Exercise aim: Retype only the lines below from the one with "튤립 밭 4K 배경화면 · flowers · 3840×2555" to the one with "Chihuahua black dog Royalty Free Stock Photo", inclusive, skipping every image.

Material for this exercise:
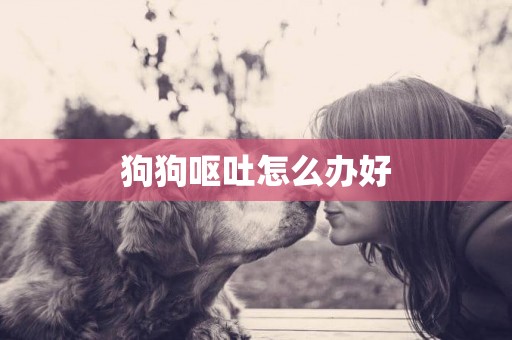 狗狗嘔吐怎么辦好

...

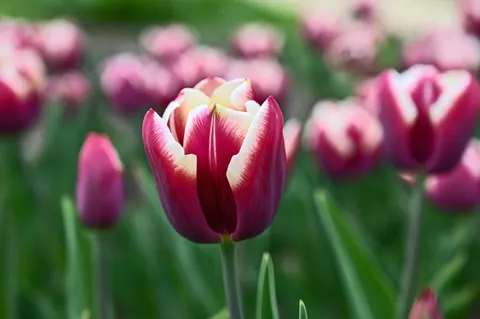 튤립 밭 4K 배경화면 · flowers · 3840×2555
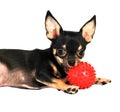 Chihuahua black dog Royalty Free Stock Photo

--

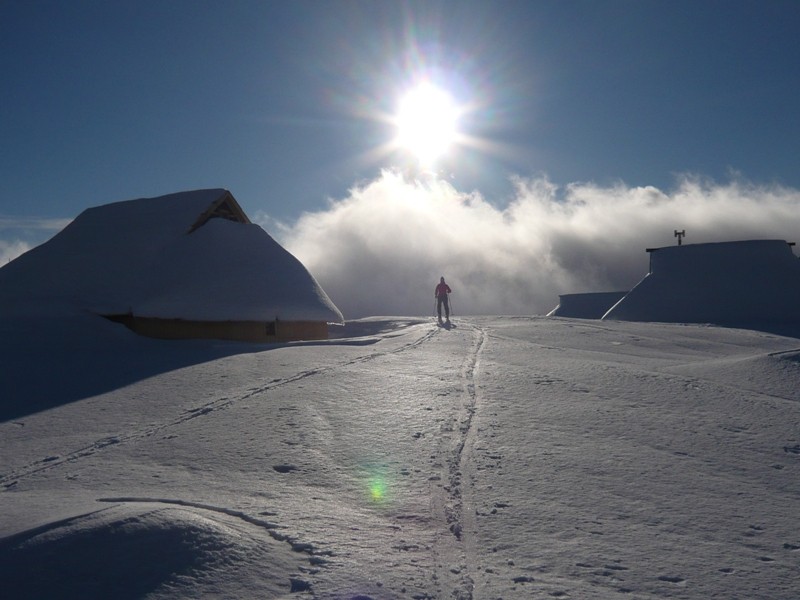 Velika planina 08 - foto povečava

Written solution:
 튤립 밭 4K 배경화면 · flowers · 3840×2555
 Chihuahua black dog Royalty Free Stock Photo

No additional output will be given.